What to work on = Please give back each line below unchanged; none of the pictures should appear.

Start of Data under study

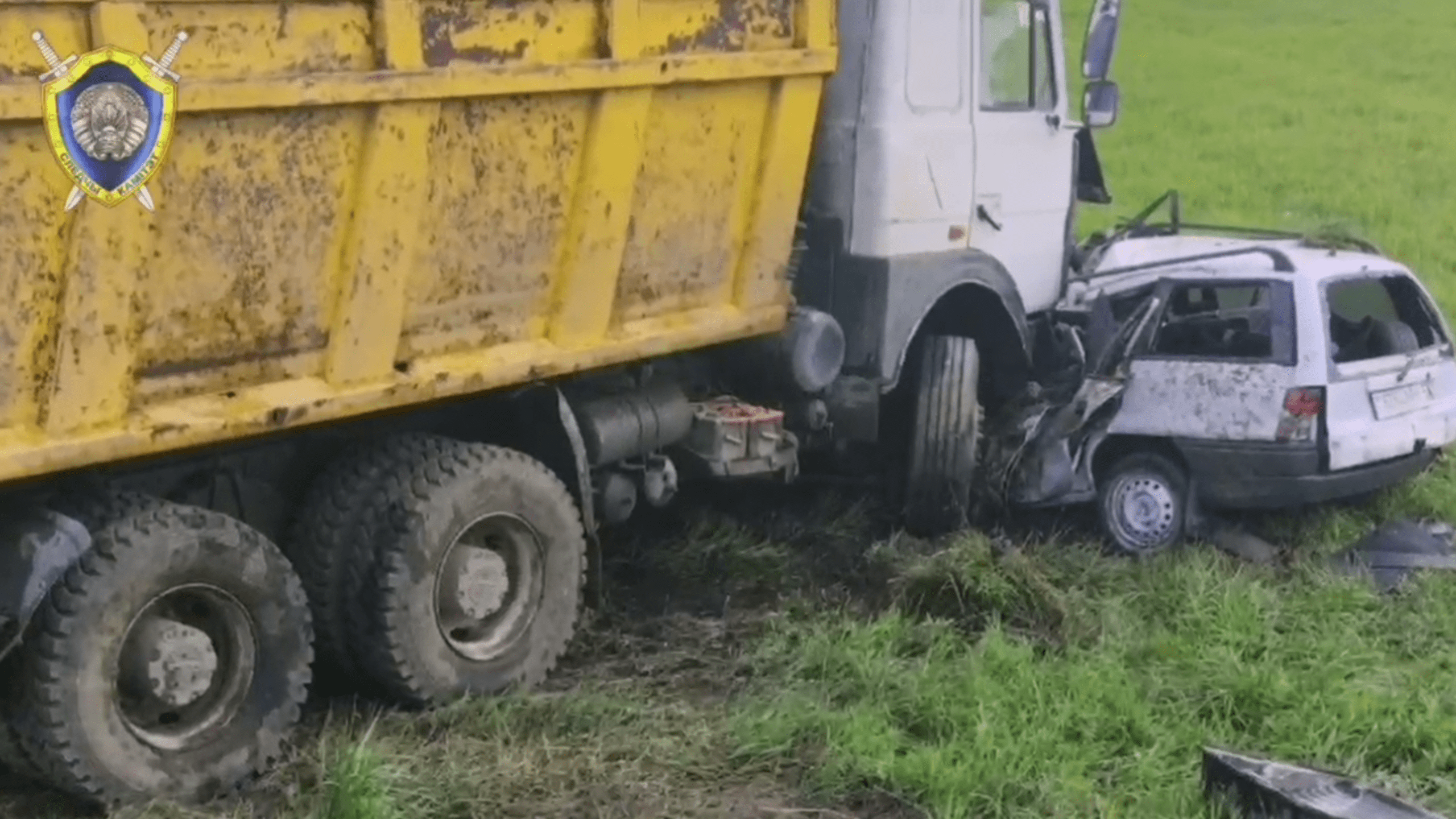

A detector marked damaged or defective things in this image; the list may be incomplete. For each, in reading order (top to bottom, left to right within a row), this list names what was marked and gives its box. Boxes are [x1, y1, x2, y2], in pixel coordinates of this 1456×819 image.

broken car window [983, 0, 1051, 111]
broken car window [1156, 283, 1283, 359]
broken car window [1329, 273, 1438, 364]
crushed white car [992, 201, 1456, 553]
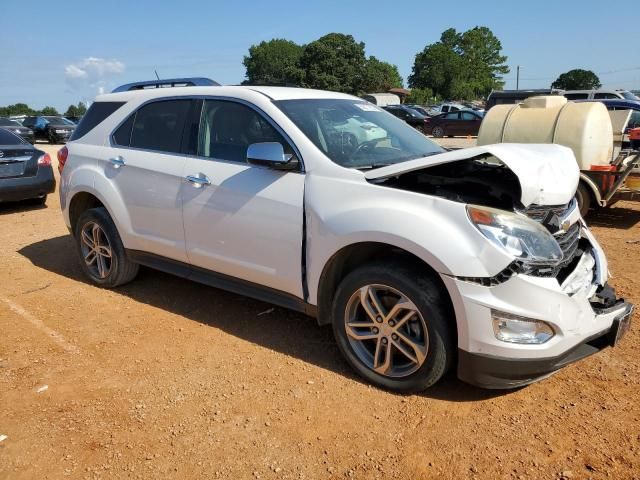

End of Data under study

Answer space =
A detector marked damaged or defective things in this image; the list may be incomplete. For each, in reading order (top to bottom, left to right within a row), this list names what was marked and gives its box. Boxes are [x1, y1, x2, y2], in pixel coordinates of this 1456×819 image.

broken car window [983, 0, 1051, 111]
broken car window [1156, 283, 1283, 359]
broken car window [1329, 273, 1438, 364]
crushed white car [992, 201, 1456, 553]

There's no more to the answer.